AIwire: Kamran, this sounds like an iterative process between the both of you. What have you learned from working with companies like Metagenomi to provide the best tools for scientists and innovators?
Khan: This is one of the most exciting parts of these collaborations. Our largest customers today are deploying LLMs. As an example, Anthropic is utilizing Trainium2 to deploy a lot of their Claude models. These LLMs have a particular structure, and they have a lot of similarities. But working with Chris and Metagenomi, we want to have a robust software stack, which is our Neuron software stack that serves all of these different workloads, in an environment where researchers and developers can come together. This is one of the things that we can take away from this relationship, an understanding of these types of workloads that are different than the large-scale LLMs, and where they leverage a lot of those same capabilities. Now our team can work with Chris and his team to optimize these libraries as well, to make them as efficient for protein synthesis as they are for deploying LLMs.
(Gorodenkoff/Shutterstock)
Khan added that AWS is continuing to broaden support for emerging AI architectures, including non-transformer models like Mamba and other solid-state designs. He said collaborations with research partners help the company tune its Neuron software stack to handle these varied workloads efficiently on both Inferentia and Trainium chips. To give developers deeper control, AWS has introduced a new Neuron Kernel Interface that allows direct access to the hardware for customized optimization. According to Khan, these advances are aimed at expanding the flexibility and scientific reach of AWS’s accelerator ecosystem.
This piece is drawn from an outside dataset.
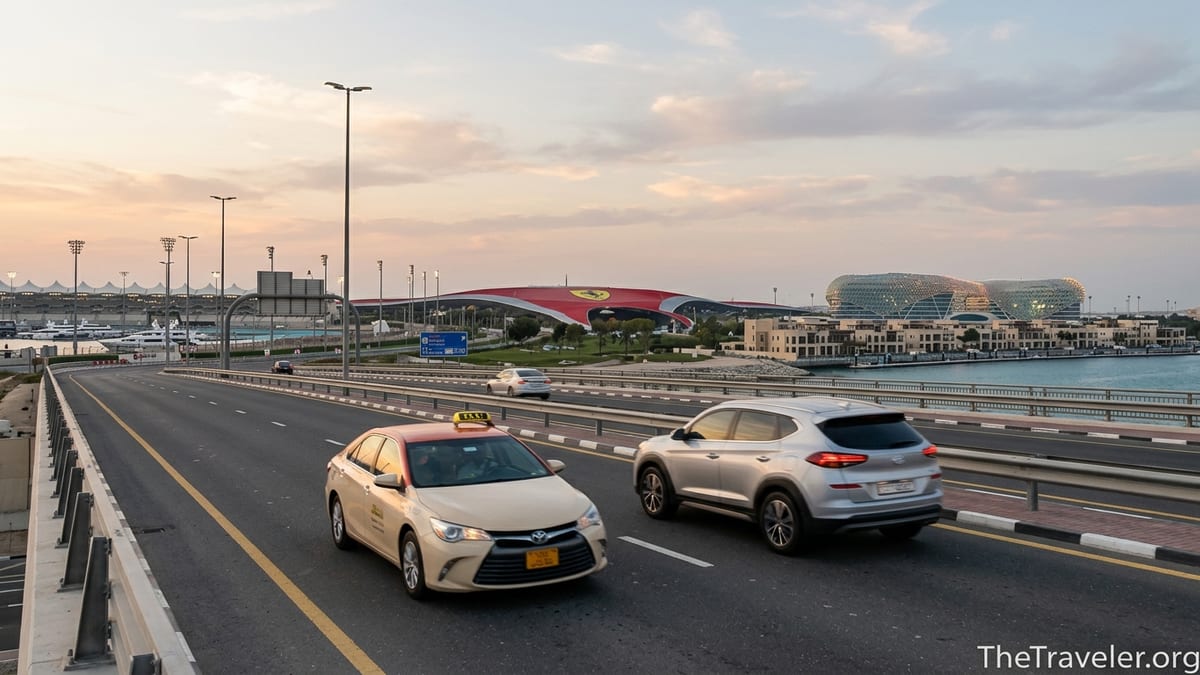 Zayed International Airport to Yas Island: Theme Park Transfer Guide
As the conversation turned toward the future, Brown reflected on how AI is reshaping the practice of science itself.
AIwire: Do you think AI is going to completely change the way science is conducted? Will it be as much of a boon to science as some are currently predicting?
Brown: What we've seen at Metagenomi, and what other biotechs highlight, is that [AI] has an impact at essentially every stage in development. So that could mean that it's a research assistant that we can use to quickly come up with a search strategy to get to the right kind of enzyme, because it's able to look through the literature and propose different options for doing that, very much in a copilot type of capacity.
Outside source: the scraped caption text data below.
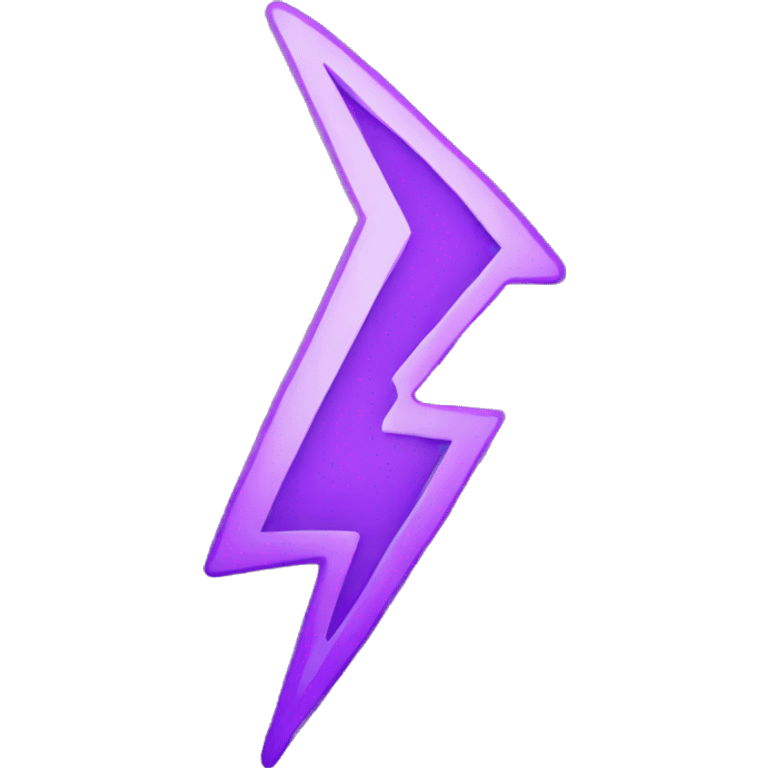 Purple lightning bolt  emoji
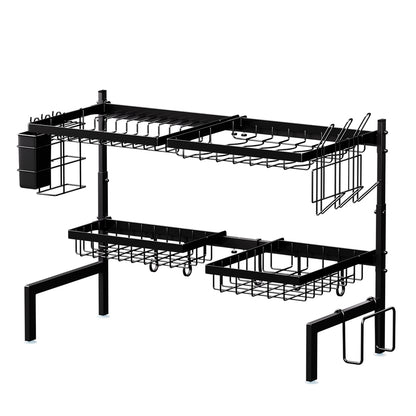 Toque Over Sink Dish Drying Rack 2 Tier Adjustable Drainer Rack Space Saving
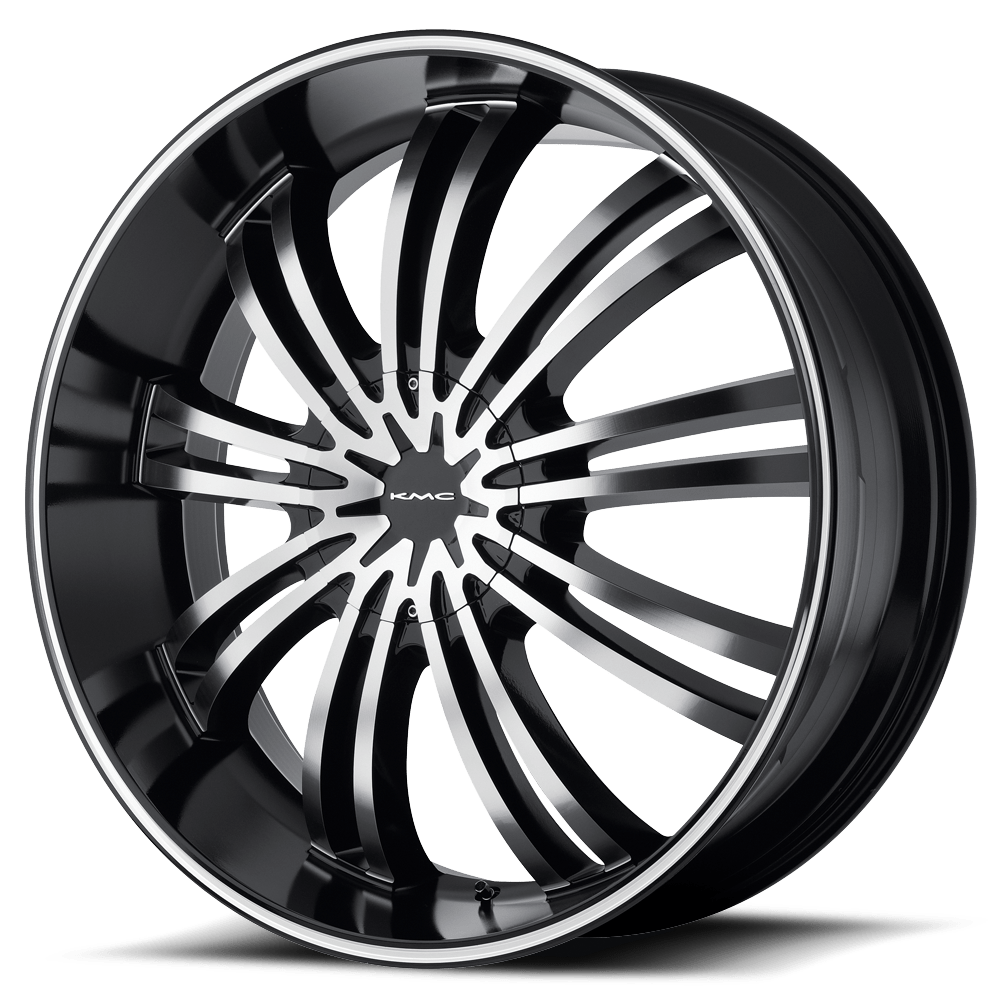 KMC KM682 SPIDER Gloss Black Machined 20x8.5 +35 6x135|6x139.7mm 100.3mm - WheelWiz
Brown went on to say that this copilot model means AI functions as a trusted assistant rather than replacing scientists, helping them search, design, and iterate more effectively. He added that the long-term goal is to reach a point where AI systems can predict entire drug products with confidence, identifying the right protein or molecule and anticipating how it will perform in safety studies. That level of predictive accuracy, he said, will take time to achieve. But for now, AI is making each stage of discovery faster and more reliable, multiplying the impact of human expertise rather than replacing it.
“It doesn't mean that drug development looks totally different,” he said. “It's not turning it upside down, but it is improving all of the stages.”
Editor's note: This interview has been lightly edited and condensed for clarity and flow.